Als ich nach etwa einer Stunde ohne jeden Hinweis bereits den Rückweg nach Hause antrat, sah ich ihn: Eine Straße von unserem Haus entfernt stand vor einem Mehrfamilienhaus - mein Baum! In freudiger Erwartung bahnte ich mir einen Weg zu meinem wiedergefundenen Geschenk, als mir etwas Erschreckendes auffiel: Auf dem Herzen, auf dem zuvor in weißer Schrift „Miriam“ gestanden hatte, waren nun nur noch Umrisse zu erkennen. Stattdessen stand da mit schwarzem Filzstift „Melanie“ auf MEINEM Herzen. Einige Sekunden wägte ich die Optionen des weiteren Verlaufs meines persönlichen Maikrimis ab: entweder den Baum einfach zurück klauen – aufgrund seines Gewichts eher semi-optimal – oder nach Hause gehen und meine Eltern informieren, so dass alle Verantwortung eine Entscheidung betreffend auf diese abgewälzt wurde. Selbstverständlich habe ich mich logisch und konstruktiv für letzteres entschieden. So ging ich folglich erst mal nach Hause. Dort schnappte ich mir meine Mutter und fuhr mit ihr zum Tatort.

Da hinter „Melanie“ (überraschenderweise) kein Nachname stand, klingelten wir uns erst einmal wahllos durch, bis schließlich ein Mann öffnete. Auf die Frage, wo in seinem Haus eine Melanie wohnt, antwortete er: gar keine. Diese Antwort löste in mir mehr Verwirrung aus, als alles, was vorher passiert war. Glücklicherweise antworte meine Mutter geistesgegenwärtig wie eh und je, dass wir den Baum nun mitnähmen und in der Nachbarschaft wohnten, falls von der unbekannten und obendrein illegalen Neubesitzerin Protest kommen sollte. Unter kritischer Beobachtung zweier Fußgänger machten wir uns mitsamt dem Baum wieder auf den Weg nach Hause. Nur eine halbe Stunde später klingelte es schließlich an der Tür: Melanie! Und ihre Mutter, die das Gespräch gleich damit begann, dass wir ihrer Tochter dem Baum gestohlen hätten. Ich versuchte, den beiden mithilfe des Herzens (Beweis Nummer 1) und eines Fotos von meinem Hab und Gut (Handy sei dank: Beweis Nummer 2) klarzumachen, dass der Freund ihres Töchterchens MIR den Baum gestohlen hatte, nicht andersherum. Einige diskussionsreiche Minuten später mischte sich mein Vater ein, indem er darauf hinwies, dass es sich schlicht um Diebstahl handele, welchen man im Zweifelsfall sogar anzeigen könne.

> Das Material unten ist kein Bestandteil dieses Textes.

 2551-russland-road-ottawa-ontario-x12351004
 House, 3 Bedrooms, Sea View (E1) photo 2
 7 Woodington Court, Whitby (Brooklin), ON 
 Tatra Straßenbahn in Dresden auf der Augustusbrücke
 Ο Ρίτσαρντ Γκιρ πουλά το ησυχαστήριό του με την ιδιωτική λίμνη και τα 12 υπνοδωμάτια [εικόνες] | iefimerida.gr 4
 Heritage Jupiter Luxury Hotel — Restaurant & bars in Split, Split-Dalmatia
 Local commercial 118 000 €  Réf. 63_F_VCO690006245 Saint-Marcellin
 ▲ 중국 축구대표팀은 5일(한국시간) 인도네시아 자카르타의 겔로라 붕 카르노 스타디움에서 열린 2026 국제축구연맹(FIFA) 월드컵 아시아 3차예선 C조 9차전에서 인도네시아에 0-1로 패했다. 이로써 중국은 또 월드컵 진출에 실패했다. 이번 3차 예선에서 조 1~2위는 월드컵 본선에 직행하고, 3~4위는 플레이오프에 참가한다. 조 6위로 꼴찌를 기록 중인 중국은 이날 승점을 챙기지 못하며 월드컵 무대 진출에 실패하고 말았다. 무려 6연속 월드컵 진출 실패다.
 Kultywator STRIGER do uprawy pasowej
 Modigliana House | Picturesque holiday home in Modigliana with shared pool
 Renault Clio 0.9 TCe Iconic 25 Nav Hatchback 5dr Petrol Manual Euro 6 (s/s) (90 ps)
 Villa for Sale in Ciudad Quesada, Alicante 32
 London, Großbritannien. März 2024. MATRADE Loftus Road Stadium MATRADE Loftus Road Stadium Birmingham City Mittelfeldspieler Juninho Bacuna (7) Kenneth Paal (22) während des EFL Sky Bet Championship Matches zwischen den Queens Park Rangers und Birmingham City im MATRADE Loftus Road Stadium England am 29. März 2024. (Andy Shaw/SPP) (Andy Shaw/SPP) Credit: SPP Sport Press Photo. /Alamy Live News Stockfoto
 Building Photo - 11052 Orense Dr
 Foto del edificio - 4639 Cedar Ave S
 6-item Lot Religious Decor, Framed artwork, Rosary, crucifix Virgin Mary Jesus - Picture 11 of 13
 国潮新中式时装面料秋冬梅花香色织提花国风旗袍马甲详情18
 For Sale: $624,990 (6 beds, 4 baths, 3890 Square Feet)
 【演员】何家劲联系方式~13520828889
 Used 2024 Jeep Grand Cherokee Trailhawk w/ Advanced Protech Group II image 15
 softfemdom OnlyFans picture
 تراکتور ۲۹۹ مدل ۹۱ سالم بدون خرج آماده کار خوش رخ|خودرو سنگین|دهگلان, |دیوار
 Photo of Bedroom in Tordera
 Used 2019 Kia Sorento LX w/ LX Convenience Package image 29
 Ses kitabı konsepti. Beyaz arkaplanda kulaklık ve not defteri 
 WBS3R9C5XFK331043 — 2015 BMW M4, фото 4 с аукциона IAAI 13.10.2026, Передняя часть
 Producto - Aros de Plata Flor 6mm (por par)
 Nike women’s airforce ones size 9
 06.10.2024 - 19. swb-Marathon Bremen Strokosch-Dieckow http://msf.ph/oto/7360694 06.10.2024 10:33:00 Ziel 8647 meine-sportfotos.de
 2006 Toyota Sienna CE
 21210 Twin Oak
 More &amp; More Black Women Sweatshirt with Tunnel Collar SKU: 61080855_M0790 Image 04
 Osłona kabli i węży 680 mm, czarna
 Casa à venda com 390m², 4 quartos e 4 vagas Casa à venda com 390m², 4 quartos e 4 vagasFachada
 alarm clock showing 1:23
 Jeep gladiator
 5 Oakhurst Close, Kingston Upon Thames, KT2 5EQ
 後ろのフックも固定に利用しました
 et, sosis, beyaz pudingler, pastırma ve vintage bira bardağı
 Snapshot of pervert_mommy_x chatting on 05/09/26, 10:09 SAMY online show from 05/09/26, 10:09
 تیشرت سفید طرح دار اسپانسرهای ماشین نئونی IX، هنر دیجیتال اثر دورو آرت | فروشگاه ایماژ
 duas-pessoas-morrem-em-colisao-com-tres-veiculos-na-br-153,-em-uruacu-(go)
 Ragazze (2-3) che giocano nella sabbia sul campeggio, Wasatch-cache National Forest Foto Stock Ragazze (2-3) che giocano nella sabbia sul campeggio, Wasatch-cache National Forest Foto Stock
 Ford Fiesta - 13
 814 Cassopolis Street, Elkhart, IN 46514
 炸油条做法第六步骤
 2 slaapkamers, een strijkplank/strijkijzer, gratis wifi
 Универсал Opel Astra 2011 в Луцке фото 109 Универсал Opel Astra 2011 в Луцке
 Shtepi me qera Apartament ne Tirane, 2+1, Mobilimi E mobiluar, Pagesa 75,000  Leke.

Ich weiß nicht, ob es meine überzeugenden Beweise oder doch der Verweis auf die Polizei war, aber Melanie und ihre Mutter zeigten plötzlich Einsicht und entschuldigten sich. Aus Angst, dass das Mädchen oder dessen Freund am Ende aber doch nicht mit dem Ausgang der Geschichte zufrieden waren und gerne den Baum zurück hätten, habe ich mein zurückgewonnenes Eigentum auf meinen Balkon gestellt. Kleiner Nebeneffekt: Von dort aus gibt es einen guten Blick auf das Haus, in dem meine Nebenbuhlerin wohnt. Oder nicht wohnt? Wie auch immer, folglich ist davon auszugehen, dass sie meinen Baum immer wieder sehen kann. Ein bisschen tut sie mir ja auch leid, aber ich hoffe, es war ihr eine Lehre: Mit Jungen, die einem romantisch einen Maibaum stehlen, möchte ich persönlich lieber nichts zu tun haben.

Für mich bleibt das größte Mysterium der Maikrimi-Geschichte jedoch jener Mann, der aussagte, dass in seinem Haus keine Verdächtige besagten Namens wohnen würde. Was hat ihn dazu veranlasst? War es Verwirrung? Angst? Besteht eine Chance, dass er das hier liest? Falls dem so sein sollte, dann bitte ich Sie, sich zu melden und mir Klarheit zu verschaffen... Mit freundlichen Grüßen, Miriam - nicht Melanie!